**INPUT RECORDS:**
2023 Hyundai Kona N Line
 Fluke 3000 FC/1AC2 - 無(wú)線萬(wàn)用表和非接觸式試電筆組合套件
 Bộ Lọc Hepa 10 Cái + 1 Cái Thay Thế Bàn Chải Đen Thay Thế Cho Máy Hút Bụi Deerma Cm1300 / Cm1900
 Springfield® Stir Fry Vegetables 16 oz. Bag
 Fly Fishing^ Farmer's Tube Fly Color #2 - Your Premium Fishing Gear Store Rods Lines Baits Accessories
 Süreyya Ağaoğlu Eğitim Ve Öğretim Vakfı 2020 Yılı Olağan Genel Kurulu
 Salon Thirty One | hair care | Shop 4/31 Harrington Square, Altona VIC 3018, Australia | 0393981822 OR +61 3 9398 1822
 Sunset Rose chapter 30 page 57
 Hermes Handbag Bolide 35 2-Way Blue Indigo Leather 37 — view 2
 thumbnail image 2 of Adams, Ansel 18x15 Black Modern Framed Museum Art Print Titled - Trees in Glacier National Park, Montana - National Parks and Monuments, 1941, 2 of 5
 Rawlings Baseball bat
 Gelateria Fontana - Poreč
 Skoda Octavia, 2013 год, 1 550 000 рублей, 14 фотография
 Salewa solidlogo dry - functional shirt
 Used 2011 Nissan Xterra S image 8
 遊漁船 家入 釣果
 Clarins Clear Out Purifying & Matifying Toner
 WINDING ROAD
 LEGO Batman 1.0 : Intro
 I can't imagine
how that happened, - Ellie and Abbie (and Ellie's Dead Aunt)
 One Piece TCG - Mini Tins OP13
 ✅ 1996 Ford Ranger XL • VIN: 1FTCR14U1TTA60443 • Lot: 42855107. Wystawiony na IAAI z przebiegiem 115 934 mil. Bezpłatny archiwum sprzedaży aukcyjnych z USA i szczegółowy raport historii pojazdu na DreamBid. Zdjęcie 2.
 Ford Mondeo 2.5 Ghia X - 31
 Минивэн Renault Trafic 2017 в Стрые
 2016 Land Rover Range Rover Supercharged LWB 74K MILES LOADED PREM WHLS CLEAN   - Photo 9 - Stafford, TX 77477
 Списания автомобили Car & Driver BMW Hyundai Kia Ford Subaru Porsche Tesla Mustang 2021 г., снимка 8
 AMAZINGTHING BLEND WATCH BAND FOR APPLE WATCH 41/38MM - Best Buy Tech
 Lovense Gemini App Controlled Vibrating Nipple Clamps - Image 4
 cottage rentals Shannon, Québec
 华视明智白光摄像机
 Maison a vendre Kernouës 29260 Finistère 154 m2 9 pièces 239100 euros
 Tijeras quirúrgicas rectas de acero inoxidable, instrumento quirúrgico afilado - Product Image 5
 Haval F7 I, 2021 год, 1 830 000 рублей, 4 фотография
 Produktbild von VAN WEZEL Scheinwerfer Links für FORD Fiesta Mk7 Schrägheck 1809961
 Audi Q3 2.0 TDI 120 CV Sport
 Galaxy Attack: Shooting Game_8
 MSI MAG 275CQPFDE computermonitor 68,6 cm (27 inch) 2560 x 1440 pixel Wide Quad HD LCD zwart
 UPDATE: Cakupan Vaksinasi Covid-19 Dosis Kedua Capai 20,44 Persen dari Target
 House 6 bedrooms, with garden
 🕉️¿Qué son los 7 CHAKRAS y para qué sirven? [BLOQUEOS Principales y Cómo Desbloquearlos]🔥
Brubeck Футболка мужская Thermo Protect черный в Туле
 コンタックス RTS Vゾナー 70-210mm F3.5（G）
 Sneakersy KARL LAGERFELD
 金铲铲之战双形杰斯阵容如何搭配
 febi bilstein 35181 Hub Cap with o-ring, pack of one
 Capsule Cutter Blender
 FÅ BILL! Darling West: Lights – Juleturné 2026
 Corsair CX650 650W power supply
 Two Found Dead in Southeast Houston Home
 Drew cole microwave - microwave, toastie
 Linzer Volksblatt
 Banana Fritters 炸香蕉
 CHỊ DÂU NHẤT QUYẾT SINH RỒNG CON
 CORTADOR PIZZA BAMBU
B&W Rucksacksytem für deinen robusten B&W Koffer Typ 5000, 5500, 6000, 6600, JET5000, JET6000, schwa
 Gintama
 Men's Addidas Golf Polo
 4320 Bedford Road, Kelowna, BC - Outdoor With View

**WORK REQUEST:** What you write should match, character for character, the lines from the one with "WINDING ROAD" to the end of the data, both included.

**EXERCISE RESULT:**
 WINDING ROAD
 LEGO Batman 1.0 : Intro
 I can't imagine
how that happened, - Ellie and Abbie (and Ellie's Dead Aunt)
 One Piece TCG - Mini Tins OP13
 ✅ 1996 Ford Ranger XL • VIN: 1FTCR14U1TTA60443 • Lot: 42855107. Wystawiony na IAAI z przebiegiem 115 934 mil. Bezpłatny archiwum sprzedaży aukcyjnych z USA i szczegółowy raport historii pojazdu na DreamBid. Zdjęcie 2.
 Ford Mondeo 2.5 Ghia X - 31
 Минивэн Renault Trafic 2017 в Стрые
 2016 Land Rover Range Rover Supercharged LWB 74K MILES LOADED PREM WHLS CLEAN   - Photo 9 - Stafford, TX 77477
 Списания автомобили Car & Driver BMW Hyundai Kia Ford Subaru Porsche Tesla Mustang 2021 г., снимка 8
 AMAZINGTHING BLEND WATCH BAND FOR APPLE WATCH 41/38MM - Best Buy Tech
 Lovense Gemini App Controlled Vibrating Nipple Clamps - Image 4
 cottage rentals Shannon, Québec
 华视明智白光摄像机
 Maison a vendre Kernouës 29260 Finistère 154 m2 9 pièces 239100 euros
 Tijeras quirúrgicas rectas de acero inoxidable, instrumento quirúrgico afilado - Product Image 5
 Haval F7 I, 2021 год, 1 830 000 рублей, 4 фотография
 Produktbild von VAN WEZEL Scheinwerfer Links für FORD Fiesta Mk7 Schrägheck 1809961
 Audi Q3 2.0 TDI 120 CV Sport
 Galaxy Attack: Shooting Game_8
 MSI MAG 275CQPFDE computermonitor 68,6 cm (27 inch) 2560 x 1440 pixel Wide Quad HD LCD zwart
 UPDATE: Cakupan Vaksinasi Covid-19 Dosis Kedua Capai 20,44 Persen dari Target
 House 6 bedrooms, with garden
 🕉️¿Qué son los 7 CHAKRAS y para qué sirven? [BLOQUEOS Principales y Cómo Desbloquearlos]🔥
Brubeck Футболка мужская Thermo Protect черный в Туле
 コンタックス RTS Vゾナー 70-210mm F3.5（G）
 Sneakersy KARL LAGERFELD
 金铲铲之战双形杰斯阵容如何搭配
 febi bilstein 35181 Hub Cap with o-ring, pack of one
 Capsule Cutter Blender
 FÅ BILL! Darling West: Lights – Juleturné 2026
 Corsair CX650 650W power supply
 Two Found Dead in Southeast Houston Home
 Drew cole microwave - microwave, toastie
 Linzer Volksblatt
 Banana Fritters 炸香蕉
 CHỊ DÂU NHẤT QUYẾT SINH RỒNG CON
 CORTADOR PIZZA BAMBU
B&W Rucksacksytem für deinen robusten B&W Koffer Typ 5000, 5500, 6000, 6600, JET5000, JET6000, schwa
 Gintama
 Men's Addidas Golf Polo
 4320 Bedford Road, Kelowna, BC - Outdoor With View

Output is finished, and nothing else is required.